Paul Grogan | The Daffodil Centre, a joint venture between Cancer Council NSW and the University of Sydney, Australia

Emily He | The Daffodil Centre, a joint venture between Cancer Council NSW and the University of Sydney, Australia

Peter Pockney | School of Biomedical Sciences and Pharmacy, College of Health, Medicine & Wellbeing University of Newcastle, NSW, Australia

Corresponding author

Paul Grogan | [email protected]

Competing interests

None declared.

Author contributions

PG developed the narrative text and policy review. PP and EH contributed expert medical and scientific perspectives to the policy analysis, additional data and clinical experience in bowel cancer diagnosis and direct access colonoscopy.

Abstract

Australia’s National Bowel Cancer Screening Program (NBCSP) has the potential to prevent almost 84 000 bowel cancer deaths if 60% program participation rates could be reached and maintained over the next two decades. Immunochemical faecal occult blood test (iFOBT) is used as an initial screening tool. Participants who test positive are referred for colonoscopy for diagnostic assessment. Concerns about colonoscopy capacity and lengthy wait times between positive iFOBT and colonoscopy have hampered efforts to promote the program. However, a separate research paper published in this issue of PHRP shows that only an estimated 10–14% of Medicare-funded colonoscopies (almost 75% of all colonoscopies) in Australia are generated by the NBCSP. Inappropriate use of colonoscopy as a primary screening tool and failure to prioritise NBCSP participants may be the main reasons for long colonoscopy wait times associated with the program.
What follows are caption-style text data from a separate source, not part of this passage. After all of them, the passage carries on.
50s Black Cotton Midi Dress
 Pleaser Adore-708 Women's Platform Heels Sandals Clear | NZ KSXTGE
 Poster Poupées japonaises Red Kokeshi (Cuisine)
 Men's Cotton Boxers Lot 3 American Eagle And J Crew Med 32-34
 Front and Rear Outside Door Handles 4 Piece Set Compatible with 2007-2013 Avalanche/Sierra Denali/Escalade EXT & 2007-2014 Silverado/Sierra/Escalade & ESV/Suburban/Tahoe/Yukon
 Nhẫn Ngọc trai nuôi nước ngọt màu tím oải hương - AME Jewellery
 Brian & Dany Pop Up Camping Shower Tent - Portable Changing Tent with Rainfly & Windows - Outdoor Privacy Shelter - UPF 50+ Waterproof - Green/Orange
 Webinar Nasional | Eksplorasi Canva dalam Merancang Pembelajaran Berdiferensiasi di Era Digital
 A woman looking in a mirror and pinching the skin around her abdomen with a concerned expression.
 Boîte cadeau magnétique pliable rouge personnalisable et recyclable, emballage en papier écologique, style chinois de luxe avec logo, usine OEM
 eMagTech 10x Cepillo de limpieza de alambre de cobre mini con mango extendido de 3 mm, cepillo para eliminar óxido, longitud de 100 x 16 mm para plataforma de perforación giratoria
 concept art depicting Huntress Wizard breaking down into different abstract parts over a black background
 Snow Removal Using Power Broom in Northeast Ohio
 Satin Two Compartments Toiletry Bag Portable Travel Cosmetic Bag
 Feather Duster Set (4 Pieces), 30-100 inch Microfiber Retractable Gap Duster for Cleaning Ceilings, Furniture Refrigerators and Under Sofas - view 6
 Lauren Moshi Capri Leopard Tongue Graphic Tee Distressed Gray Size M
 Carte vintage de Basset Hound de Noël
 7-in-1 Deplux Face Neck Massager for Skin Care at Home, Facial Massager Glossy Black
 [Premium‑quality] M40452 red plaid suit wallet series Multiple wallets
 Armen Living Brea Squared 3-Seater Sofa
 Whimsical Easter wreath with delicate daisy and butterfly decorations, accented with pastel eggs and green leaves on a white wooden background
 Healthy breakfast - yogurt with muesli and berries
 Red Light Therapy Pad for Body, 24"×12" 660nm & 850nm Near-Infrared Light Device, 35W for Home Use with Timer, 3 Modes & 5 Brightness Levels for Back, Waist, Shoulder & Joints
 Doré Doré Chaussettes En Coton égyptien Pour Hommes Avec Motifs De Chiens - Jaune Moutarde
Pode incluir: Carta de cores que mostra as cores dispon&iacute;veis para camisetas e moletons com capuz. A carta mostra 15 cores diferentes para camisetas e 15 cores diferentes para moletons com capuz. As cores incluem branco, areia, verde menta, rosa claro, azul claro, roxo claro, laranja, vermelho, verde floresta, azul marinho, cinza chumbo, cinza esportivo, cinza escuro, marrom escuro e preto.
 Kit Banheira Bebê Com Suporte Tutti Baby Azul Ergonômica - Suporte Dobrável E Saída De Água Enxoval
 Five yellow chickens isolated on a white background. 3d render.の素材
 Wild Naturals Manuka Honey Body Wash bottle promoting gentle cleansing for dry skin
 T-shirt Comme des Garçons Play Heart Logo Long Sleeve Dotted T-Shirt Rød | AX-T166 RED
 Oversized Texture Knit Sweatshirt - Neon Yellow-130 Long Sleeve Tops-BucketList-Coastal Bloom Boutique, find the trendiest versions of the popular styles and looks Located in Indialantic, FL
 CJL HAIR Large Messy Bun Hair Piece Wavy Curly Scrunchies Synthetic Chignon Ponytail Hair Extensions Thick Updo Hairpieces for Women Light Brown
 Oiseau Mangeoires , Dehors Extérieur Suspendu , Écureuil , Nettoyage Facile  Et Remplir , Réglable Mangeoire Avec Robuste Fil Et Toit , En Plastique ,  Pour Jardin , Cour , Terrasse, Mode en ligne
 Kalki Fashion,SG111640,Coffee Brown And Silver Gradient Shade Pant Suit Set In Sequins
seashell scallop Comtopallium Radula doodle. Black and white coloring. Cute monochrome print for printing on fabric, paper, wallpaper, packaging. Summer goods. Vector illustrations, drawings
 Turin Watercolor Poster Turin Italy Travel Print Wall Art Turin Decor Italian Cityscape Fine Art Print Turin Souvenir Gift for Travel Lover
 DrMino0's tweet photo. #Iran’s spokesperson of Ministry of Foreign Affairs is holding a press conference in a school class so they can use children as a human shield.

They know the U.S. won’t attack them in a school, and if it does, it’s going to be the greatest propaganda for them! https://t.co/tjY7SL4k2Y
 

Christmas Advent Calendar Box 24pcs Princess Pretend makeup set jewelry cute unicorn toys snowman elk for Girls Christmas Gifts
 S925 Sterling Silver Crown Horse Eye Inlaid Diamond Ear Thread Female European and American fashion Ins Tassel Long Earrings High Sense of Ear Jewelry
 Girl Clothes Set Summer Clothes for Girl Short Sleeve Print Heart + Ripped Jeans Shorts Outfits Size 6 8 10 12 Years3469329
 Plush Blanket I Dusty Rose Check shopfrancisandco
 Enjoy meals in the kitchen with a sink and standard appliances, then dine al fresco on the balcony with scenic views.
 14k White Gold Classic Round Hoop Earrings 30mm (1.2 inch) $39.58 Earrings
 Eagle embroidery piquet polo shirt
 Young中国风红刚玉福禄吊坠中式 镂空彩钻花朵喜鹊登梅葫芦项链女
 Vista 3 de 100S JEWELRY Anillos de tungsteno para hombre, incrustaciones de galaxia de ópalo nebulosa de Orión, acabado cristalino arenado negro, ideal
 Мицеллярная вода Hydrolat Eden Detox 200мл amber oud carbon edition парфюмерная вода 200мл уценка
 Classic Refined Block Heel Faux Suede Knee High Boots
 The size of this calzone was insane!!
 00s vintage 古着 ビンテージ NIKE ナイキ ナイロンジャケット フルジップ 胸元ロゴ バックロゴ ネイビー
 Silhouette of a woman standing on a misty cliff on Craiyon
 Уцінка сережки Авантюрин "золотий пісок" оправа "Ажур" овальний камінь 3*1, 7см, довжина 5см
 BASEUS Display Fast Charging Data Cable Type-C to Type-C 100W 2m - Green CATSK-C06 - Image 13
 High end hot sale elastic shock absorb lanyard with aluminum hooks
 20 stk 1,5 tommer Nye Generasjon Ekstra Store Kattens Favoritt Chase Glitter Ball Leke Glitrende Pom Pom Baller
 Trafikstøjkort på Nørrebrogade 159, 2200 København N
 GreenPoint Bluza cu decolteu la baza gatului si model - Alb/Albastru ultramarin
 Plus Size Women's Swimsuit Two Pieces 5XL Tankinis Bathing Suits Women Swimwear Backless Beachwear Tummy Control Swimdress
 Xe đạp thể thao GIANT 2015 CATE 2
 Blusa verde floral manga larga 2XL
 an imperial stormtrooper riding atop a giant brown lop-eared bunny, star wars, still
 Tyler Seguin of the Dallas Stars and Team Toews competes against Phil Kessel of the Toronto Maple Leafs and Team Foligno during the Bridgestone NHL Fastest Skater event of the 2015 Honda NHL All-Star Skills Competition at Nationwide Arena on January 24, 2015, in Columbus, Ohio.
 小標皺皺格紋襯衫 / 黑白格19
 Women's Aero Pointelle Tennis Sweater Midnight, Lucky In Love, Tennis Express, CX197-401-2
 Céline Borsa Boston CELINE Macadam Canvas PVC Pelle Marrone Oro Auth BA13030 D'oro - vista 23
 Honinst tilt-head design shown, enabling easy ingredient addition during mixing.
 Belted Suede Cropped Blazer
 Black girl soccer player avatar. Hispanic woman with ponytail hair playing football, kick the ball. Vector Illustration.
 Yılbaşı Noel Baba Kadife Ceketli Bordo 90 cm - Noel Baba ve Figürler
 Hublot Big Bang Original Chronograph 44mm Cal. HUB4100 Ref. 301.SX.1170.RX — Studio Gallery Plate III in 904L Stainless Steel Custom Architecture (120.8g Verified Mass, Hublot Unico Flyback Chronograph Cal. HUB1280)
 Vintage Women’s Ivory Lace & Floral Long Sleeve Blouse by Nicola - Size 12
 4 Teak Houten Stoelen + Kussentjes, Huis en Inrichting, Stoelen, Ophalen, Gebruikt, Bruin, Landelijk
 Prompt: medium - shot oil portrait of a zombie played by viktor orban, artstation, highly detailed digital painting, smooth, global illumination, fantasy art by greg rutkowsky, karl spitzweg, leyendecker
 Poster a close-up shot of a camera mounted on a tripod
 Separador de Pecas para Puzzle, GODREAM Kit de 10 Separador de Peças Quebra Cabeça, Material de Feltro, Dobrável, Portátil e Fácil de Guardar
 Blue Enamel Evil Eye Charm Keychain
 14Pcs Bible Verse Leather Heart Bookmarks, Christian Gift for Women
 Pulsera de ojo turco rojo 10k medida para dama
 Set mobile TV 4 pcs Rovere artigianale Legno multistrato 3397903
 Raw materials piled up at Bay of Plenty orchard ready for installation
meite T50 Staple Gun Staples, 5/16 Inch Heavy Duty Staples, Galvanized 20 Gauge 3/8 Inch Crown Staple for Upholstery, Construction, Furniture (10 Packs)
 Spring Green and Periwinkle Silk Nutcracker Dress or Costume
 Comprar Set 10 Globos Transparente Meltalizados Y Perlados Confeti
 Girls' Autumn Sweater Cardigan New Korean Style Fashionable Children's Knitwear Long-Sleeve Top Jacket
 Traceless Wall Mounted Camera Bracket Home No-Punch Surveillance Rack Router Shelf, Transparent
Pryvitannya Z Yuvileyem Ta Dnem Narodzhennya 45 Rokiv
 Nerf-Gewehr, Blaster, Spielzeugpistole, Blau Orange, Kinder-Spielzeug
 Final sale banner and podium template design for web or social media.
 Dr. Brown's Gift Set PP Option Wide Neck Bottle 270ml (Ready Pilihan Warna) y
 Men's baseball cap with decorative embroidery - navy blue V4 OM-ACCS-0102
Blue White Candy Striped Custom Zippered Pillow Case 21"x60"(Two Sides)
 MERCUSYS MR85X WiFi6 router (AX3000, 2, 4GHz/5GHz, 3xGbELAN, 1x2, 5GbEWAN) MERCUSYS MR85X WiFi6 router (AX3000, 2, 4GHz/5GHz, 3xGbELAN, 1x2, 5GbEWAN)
Promoting clinical practice guidelines, and the Direct Access Colonoscopy initiative for priority patients, are key to reducing colonoscopy wait times and proactive promotion of the NBCSP.

Full text

Key points

  • Concerns about colonoscopy capacity and wait times have hampered the promotion of Australia’s National Bowel Cancer Screening Program (NBCSP)
  • New research suggests the program only contributes 10–14% of Medicare-funded colonoscopies
  • We argue that to reduce wait times and promote the NBCSP, we need to promote clinical guidelines and reduce inappropriate use of colonoscopy for primary screening
  • Programs such as the Direct Access Colonoscopy initiative for priority patients are also key to the success of the NBCSP

Introduction

A new study by Worthington et al., entitled “Colonoscopies in Australia – how much does the National Bowel Cancer Screening Program contribute to colonoscopy use?1, published in this issue of PHRP, is the first large-scale analysis of colonoscopy usage in relation to Australia’s National Bowel Cancer Screening Program (NBCSP).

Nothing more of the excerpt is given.